── Dataset excerpts ──

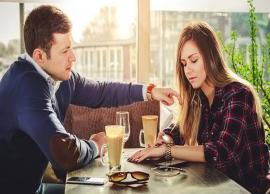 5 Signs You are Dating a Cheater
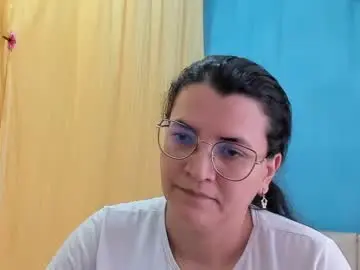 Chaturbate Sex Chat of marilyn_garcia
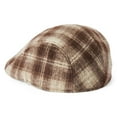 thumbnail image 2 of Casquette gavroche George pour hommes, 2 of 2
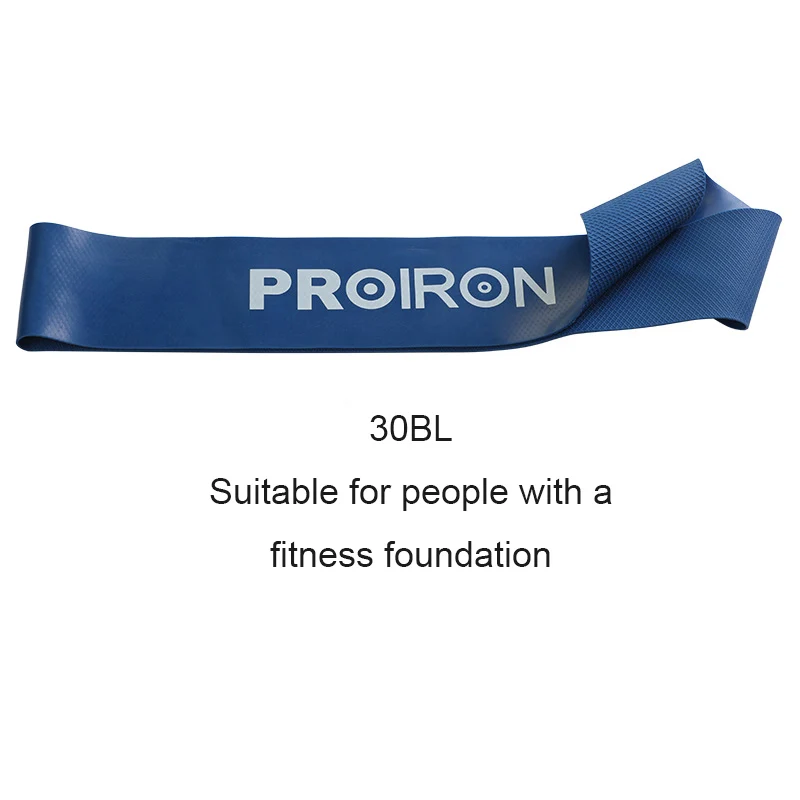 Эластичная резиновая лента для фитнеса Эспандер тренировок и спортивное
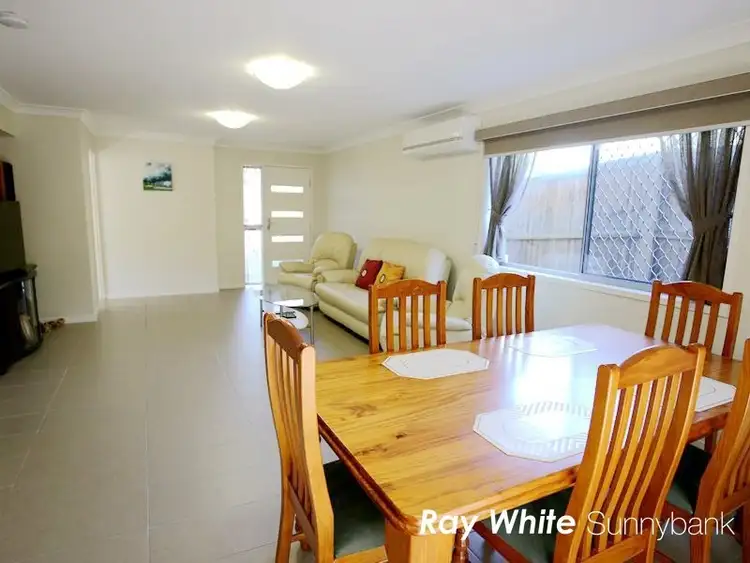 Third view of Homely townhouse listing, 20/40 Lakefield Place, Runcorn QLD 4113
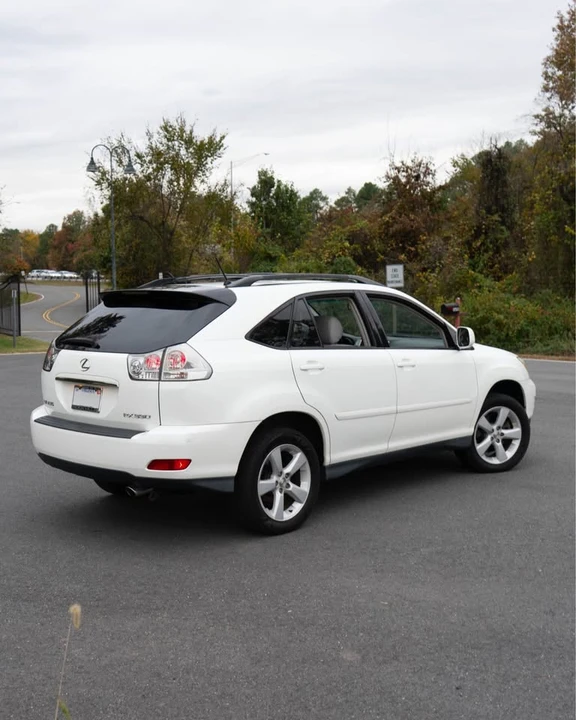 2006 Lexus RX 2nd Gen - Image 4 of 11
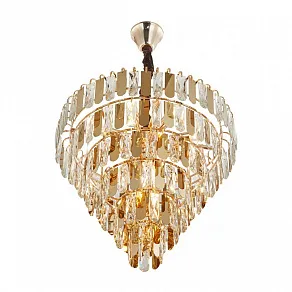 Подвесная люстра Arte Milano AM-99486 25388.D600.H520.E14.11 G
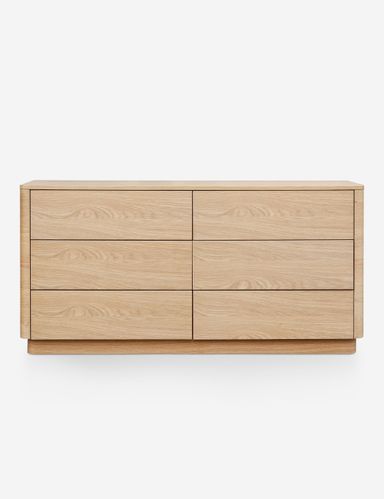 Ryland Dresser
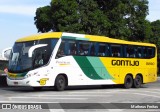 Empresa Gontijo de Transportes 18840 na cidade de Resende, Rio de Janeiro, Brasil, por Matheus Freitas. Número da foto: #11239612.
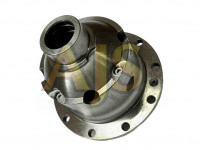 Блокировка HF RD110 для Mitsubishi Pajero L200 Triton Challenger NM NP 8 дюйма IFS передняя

───

Activity => Print all entries exactly. The images do not belong in the copy.

Written reply =>
 5 Signs You are Dating a Cheater
 Chaturbate Sex Chat of marilyn_garcia
 thumbnail image 2 of Casquette gavroche George pour hommes, 2 of 2
 Эластичная резиновая лента для фитнеса Эспандер тренировок и спортивное
 Third view of Homely townhouse listing, 20/40 Lakefield Place, Runcorn QLD 4113
 2006 Lexus RX 2nd Gen - Image 4 of 11
 Подвесная люстра Arte Milano AM-99486 25388.D600.H520.E14.11 G
 Ryland Dresser
 Empresa Gontijo de Transportes 18840 na cidade de Resende, Rio de Janeiro, Brasil, por Matheus Freitas. Número da foto: #11239612.
 Блокировка HF RD110 для Mitsubishi Pajero L200 Triton Challenger NM NP 8 дюйма IFS передняя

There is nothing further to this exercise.